LED vs. incandescent Christmas lights

How to crunch the numbers on your own Christmas display

Only the likes of Ebenezer Scrooge would judge a lighting display by how much electricity it uses. That’s why this story – which compares LED (light-emitting diode) to incandescent outdoor decorative lights – focuses instead on how technology can help us realize our full festive potential.

The calculations below may seem like the stuff of penny-pinching, but they’re only meant to, well, enlighten us about how easy and inexpensive it can be to turn our homes into beacons of holiday cheer.

“The new LEDs use about one-fifth of the power of the old incandescent lights, so there’s a major savings,” says NAIT Electrician instructor Matt Charlton (Electrician ’00).

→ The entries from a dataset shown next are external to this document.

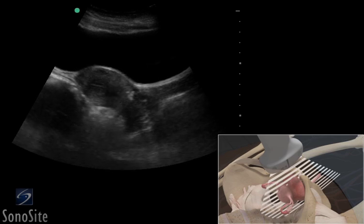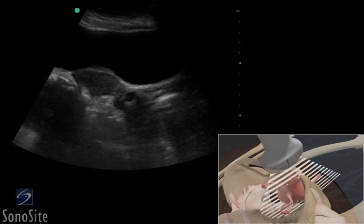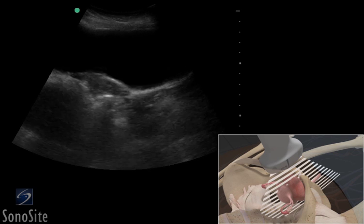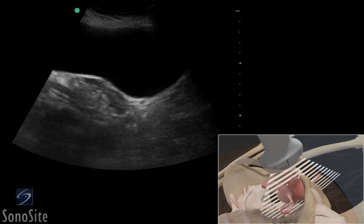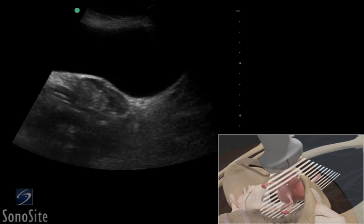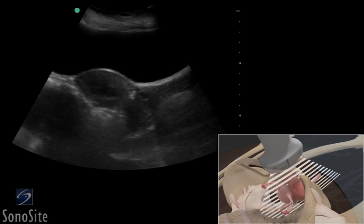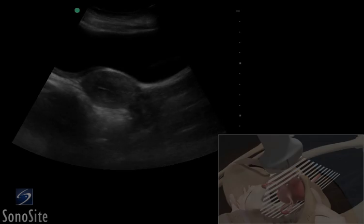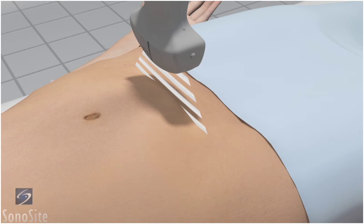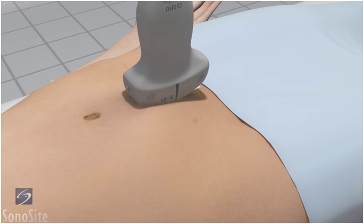A curved or phased array transducer with a pelvis exam type is used to perform the pelvis ultrasound exam. A full bladder is used as an acoustic window to view the pelvic organs. The pelvis is evaluated in two planes. Place the transducer in a long axis position with the orientation marker to the patient's head at the level of the symphysis pubis.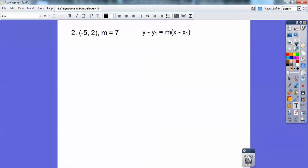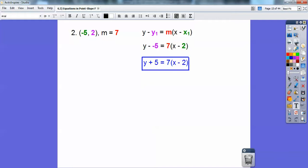There's our goal and our color codes. The y₁ goes here, the x₁ goes over here, and your slope goes in right there. That's almost your answer, but we've got to fix it — y minus a negative 5 becomes y plus 5. And there we go.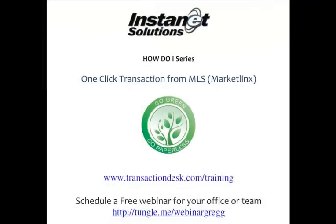Please take advantage of our additional training opportunities at our website TransactionDesk.com, as well as free webinar sessions for your office or team at Tungle.me/webinargregg. Until next time, I hope you have a tremendous day. Thank you.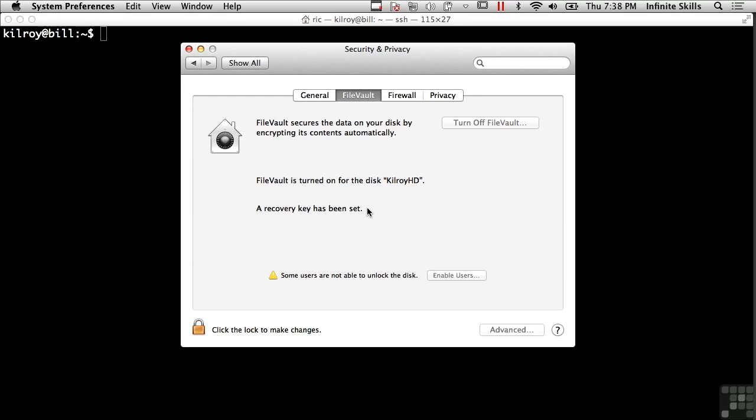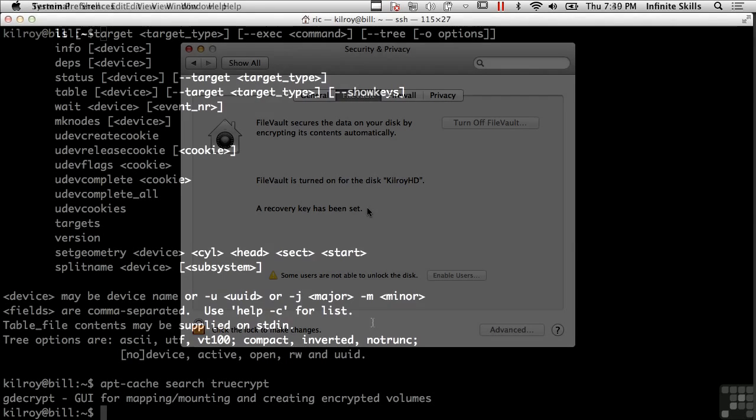Now, you can get third-party extensions for some of these operating systems like Windows and macOS. PGP happens to have the ability to do disk encryption, and you can see that in the case of this Ubuntu system.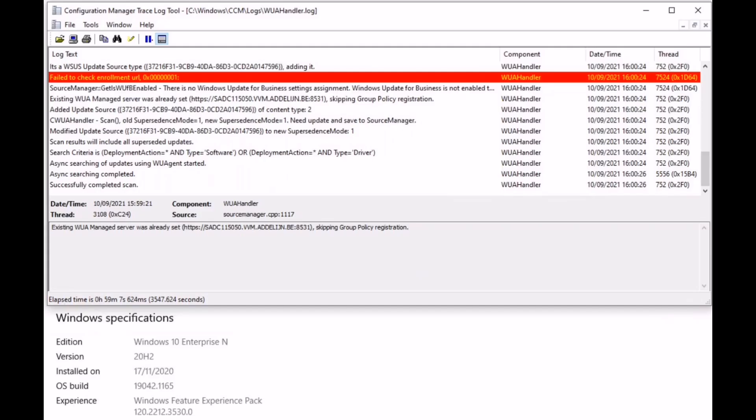The second thing you need to check is wuahandler.log. The path for this log is mentioned at the top of this picture.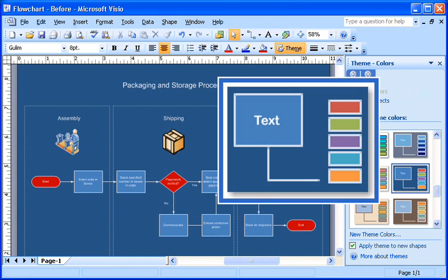Each theme includes a main fill color. That's the one in the large box in each preview thumbnail. The five small boxes in the preview thumbnail show the theme's accent colors. Certain shapes for each type of diagram are designed to take accent colors instead of the main fill color.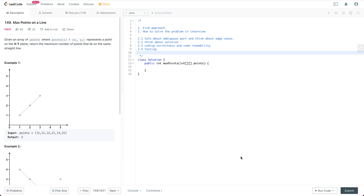Welcome to my channel. In this video I'm going to try to solve this problem and also do some live coding work. At the same time I'm going to try to follow the general steps we should follow in a coding interview. So before we start our coding question,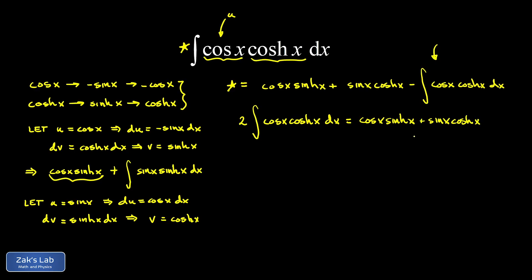Now we are computing an indefinite integral. So at some point we have to add a plus c into this, but I'm just going to wait until the last line. The final move here is to divide both sides by two. And we've isolated an expression for the original integral.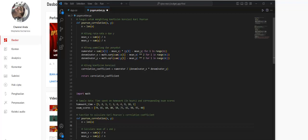The correlation coefficient is calculated by dividing the numerator by the product of denominator_x and denominator_y. Then this correlation coefficient result is returned as the value from the function itself.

Just how substantial are those savings and what do they mean to your set up? Let us count the watts.

Power in numbers

Each circuit, or breaker, in your home can support up to 1,440 watts of power. With LEDs, get ready to rival the constellations if your outdoor socket is on its own breaker (which in newer homes often is) and therefore solely devoted to your display.

To find out how many strings you can use on one plug, says Charlton, “you can just add them up if the boxes say how many watts they are.” If they don’t, and don’t say how many strings can be connected, allow for five watts per string (larger “C9” bulbs may rate higher). That can mean – we’ll wait while you get your sunglasses – 20,160 lights.

If you want to crunch your own numbers, this is the way:

  • 1,440 watts / 5 watts per string = 288 strings
  • If each of those 288 strings has 70 lights, offers Charlton as example, that’s 20,160 lights, or about enough to keep the neighbourhood up at night.
     

In the old days, when five- to seven-watt incandescent bulbs ruled the winter night, you’d trip your breaker with about 288 to 205 lights, respectively, or just a few strings.

Power for pennies

Comparatively, you’d also spend much more to run those incandescents. At today’s electricity prices (in kilowatt hours), running a maxed-out light display for, say, five hours a night for the month of December would cost $16.74.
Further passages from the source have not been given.